Forum Stats

  • 3,751,001 Users
  • 2,250,294 Discussions
  • 7,867,247 Comments

Discussions

Filtered hierarchical data - previous available ancestor?

paul zip
paul zip Member Posts: 26
edited Jul 10, 2013 2:23PM in SQL & PL/SQL

I'm trying to come up with a solution to a problem relating to hierarchical data and the concept of nearest available ancestor - my platform is 10gR2 and 11gR2.  I am given some hierarchical data (in its simplest form it is in form ID, NAME, PARENT_ID, where PARENT_ID links back to ID).

For example:

with qryData as (

  select 1 as ID, 'Bert' as NAME, to_number(null) as PARENT_ID from dual union

  select 2 as ID, 'Mark' ,   1 from dual union

  select 3 as ID, 'Brenda' , 1 from dual union

  select 4 as ID, 'Mike' ,   3 from dual union

  select 5 as ID, 'Steve' ,  4 from dual union

  select 6 as ID, 'John' ,   2 from dual union

  select 7 as ID, 'Jo' ,     6 from dual union

  select 8 as ID, 'Jim' ,    2 from dual union

  select 9 as ID, 'Jane' ,   7 from dual           

)

select q.*, sys_connect_by_path(ID, '/') ID_PATH

from qryData q

start with parent_id is null

connect by prior ID = PARENT_ID

/

        ID NAME    PARENT_ID ID_PATH

---------- ------ ---------- ----------------

         1 Bert              /1

         2 Mark            1 /1/2

         6 John            2 /1/2/6

         7 Jo              6 /1/2/6/7

         9 Jane            7 /1/2/6/7/9

         8 Jim             2 /1/2/8

         3 Brenda          1 /1/3

         4 Mike            3 /1/3/4

         5 Steve           4 /1/3/4/5

In reality this dataset can be several thousand rows with tens of nesting levels, multiple start nodes with no parent but most importantly often filtered, so certain arbitrary rows are missing.  When this happens I need to find the nearest available ancestor that appears in the list. "Nearest available ancestor" is closest ancestor relation in your family tree that still exists in the filtered list found starting from parent, then contuniing upwards to grandparent, great-grandparent .... nth great grandparent until one ancestor is found.


For example:

        ID NAME    PARENT_ID ID_PATH       AVAIL_ANCESTOR_ID

---------- ------ ---------- ------------- -----------------

         1 Bert              /1             

         6 John            2 /1/2/6        1

         8 Jim             2 /1/2/8        1

         9 Jane            7 /1/2/6/7/9    6

         3 Brenda          1 /1/3          1

         5 Steve           4 /1/3/4/5      3

For example.  Who is Steve's nearest available ancestor in the filtered list?

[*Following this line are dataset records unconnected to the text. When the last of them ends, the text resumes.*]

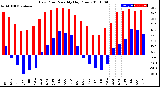 Milwaukee Weather Dew Point<br>Monthly High/Low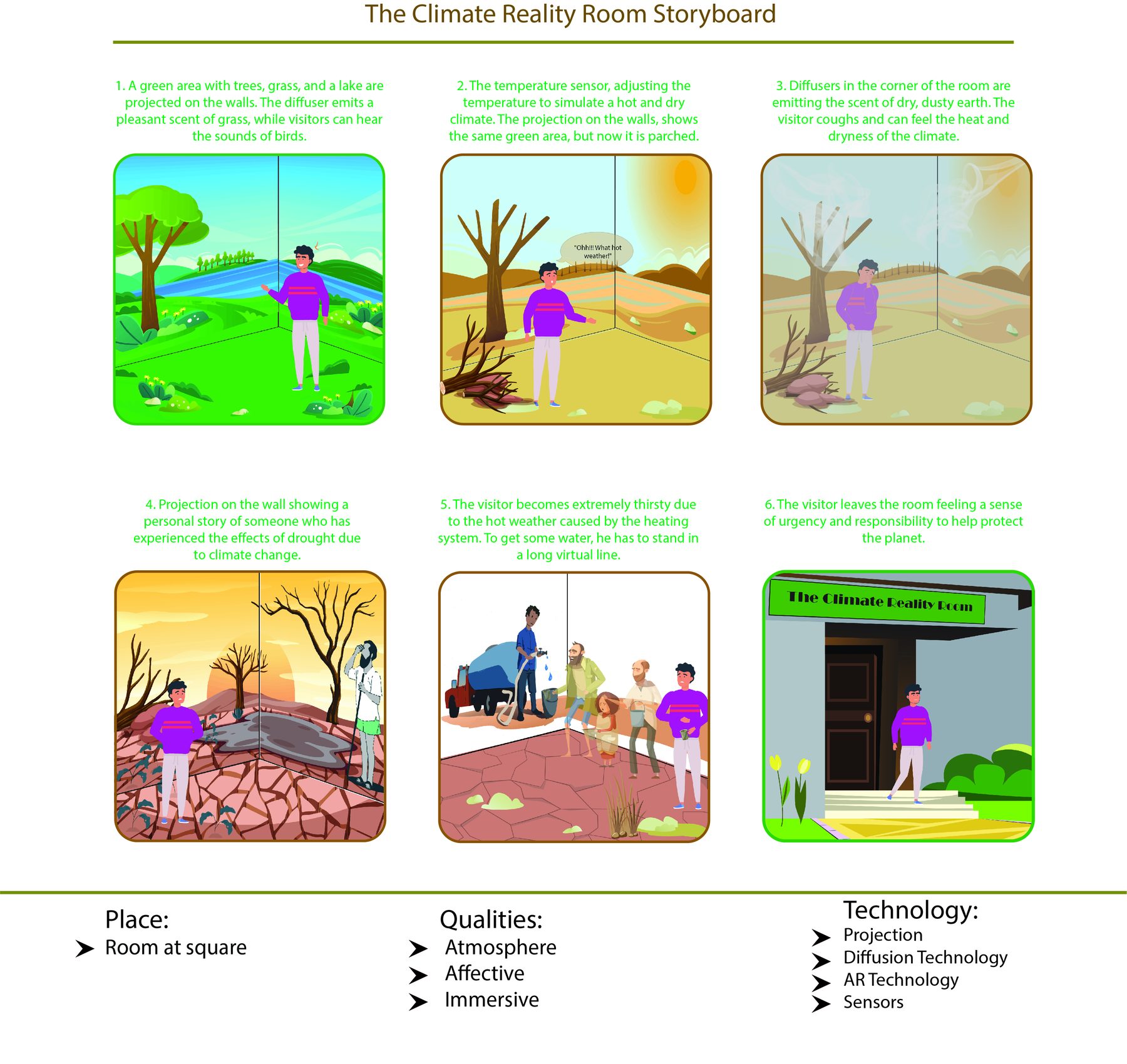 The Climate Reality Room storyboard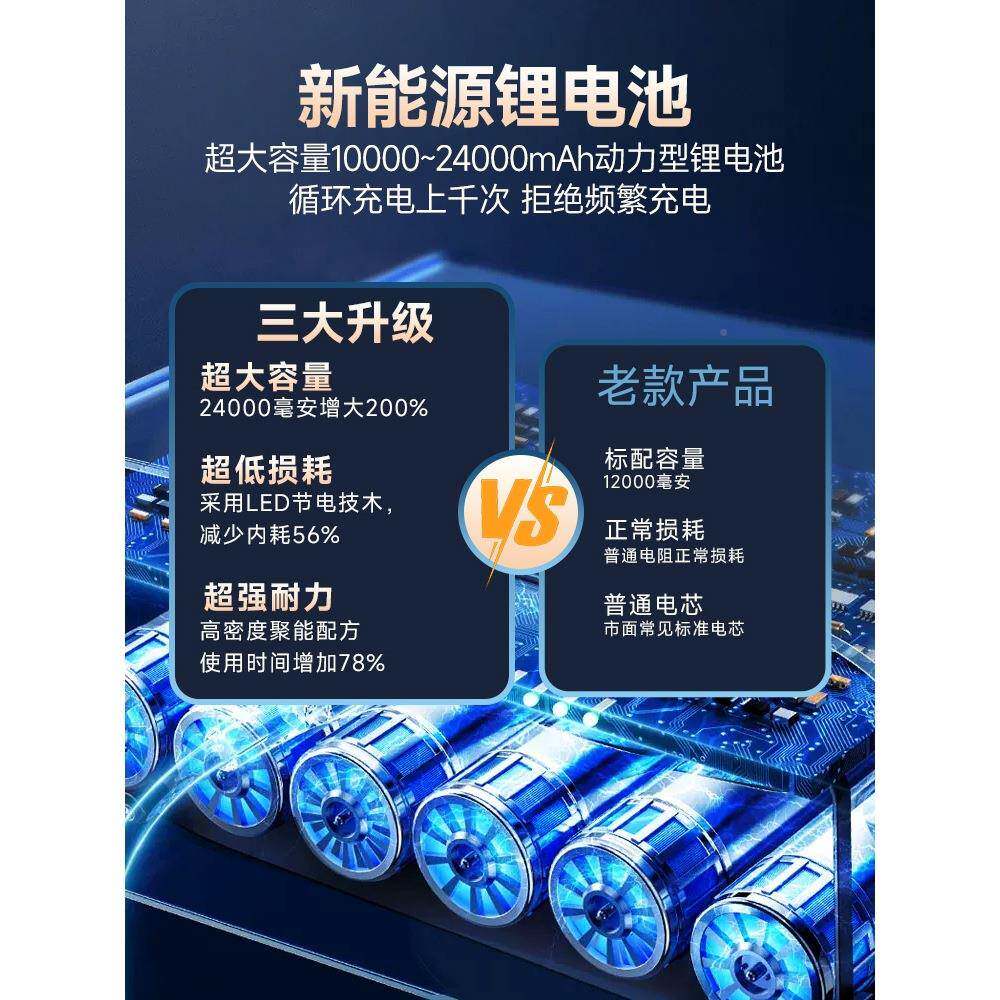 用led充电灯照明夜市超亮摆摊户JZT-015外露营灯家停电应急灯泡超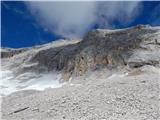 Zugspitze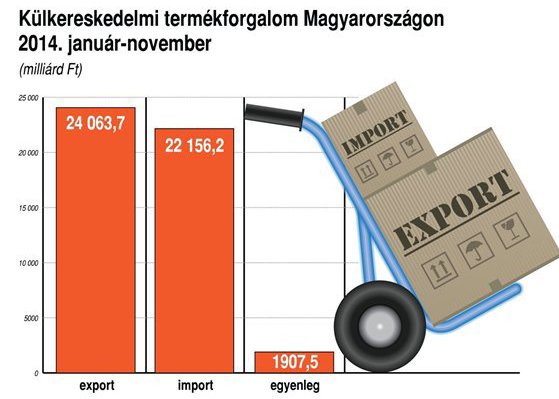 Forrás: mh Külkereskedelmi termékforgalom 2014 jan-nov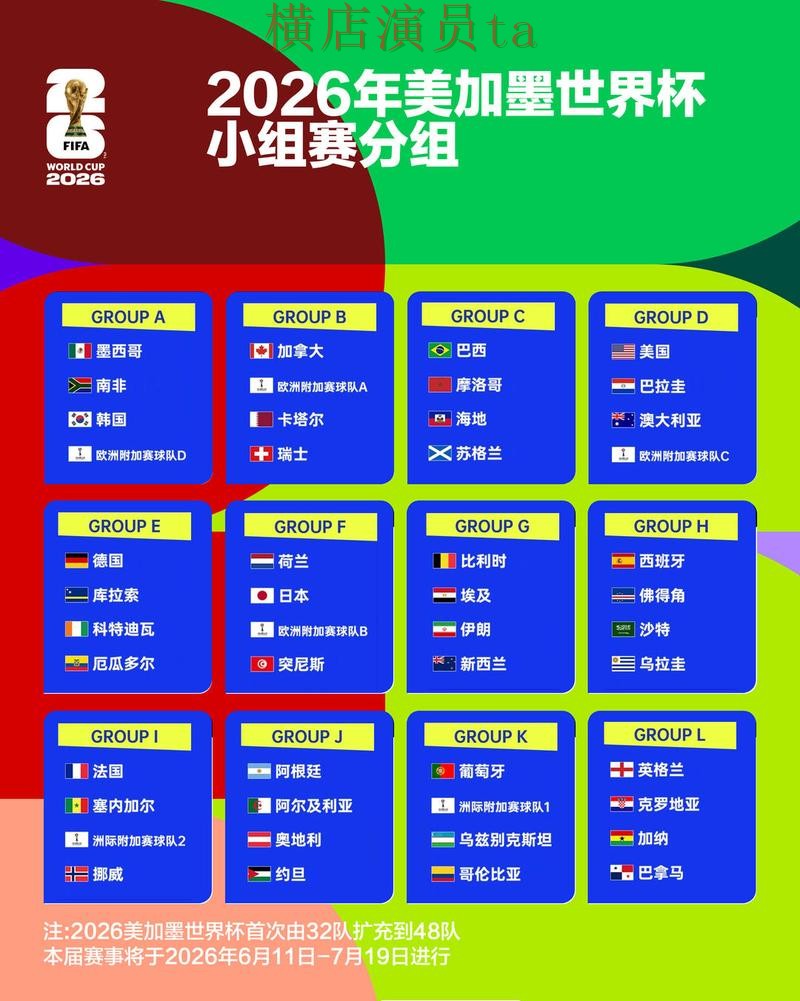新手必看：世界杯竞猜平台数据分析详解 + FIFA World Cup 2026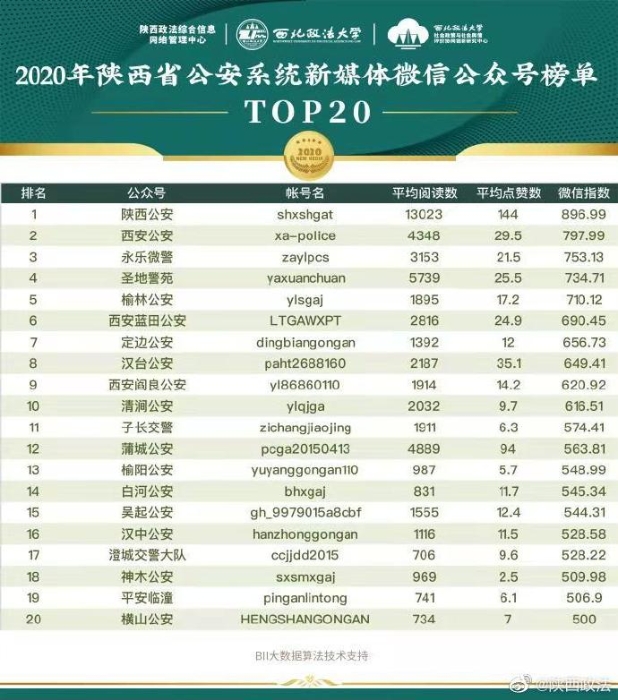 公安系统微信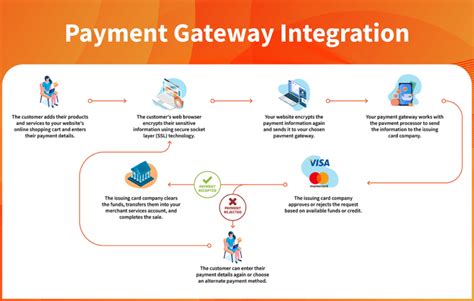 How to Add Online Payment to My Website: Exploring the Seamless Integration of E-commerce Functionality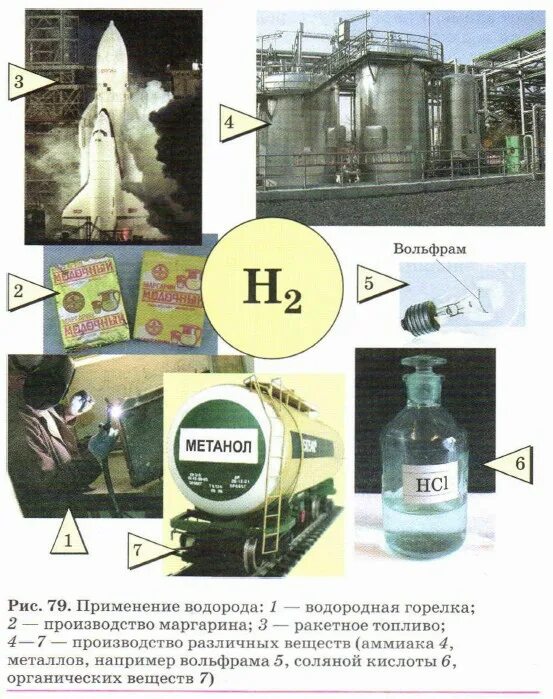Применение водорода. Применение водорода в промышленности. Схема применения водорода. Где применяется водород.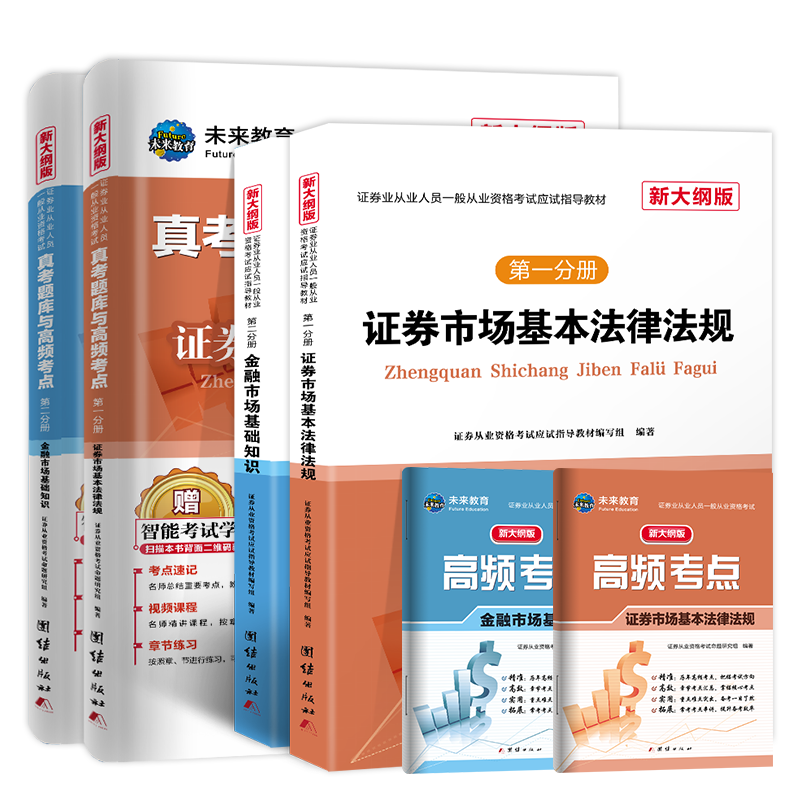 [���]]�´�V���Cȯ�ĘI(y��)�Y��ԇ2019�̲�+�濼�}��(k��)�c���l���c(di��n)ԇ���������ɷ�Ҏ(gu��)+�����Ј�(ch��ng)���A(ch��)֪�R(sh��)�����b��6��(c��)��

Steve's family tree is : /Bert/Brenda/Mike/Steve

Mike (ID = 4) isn't in the filtered list, so we move onto Brenda, who is.  Brenda, ID = 3, So ANCESTOR_ID = 3

I do have access to the original table, so can join the filtered list back to the full table, I can also ask for other columns (such as ROWID, ROWNUM, LEVEL, SYS_CONNECT_ROOT) to be included in the filtered set.  I've tried various approaches to achieve this, but all seem to be quite poor in performance (ID and PARENT_ID columns are indexed where appropriate) or don't quite give the correct result, such as...

1. Parsing the ID_PATH and treewalking based on that and joining back to the list...

  select distinct CUSTOMER_ID, regexp_substr( ID_PATH, '[^/]+', 1, level) as ANCESTOR_ID

  from qryData

  connect by regexp_substr( ID_PATH, '[^/]+', 1, level)  is not null

2. Anti-joining back to full list to identify missing items , then treewalking for those.

3. Writing a function which treewalks back.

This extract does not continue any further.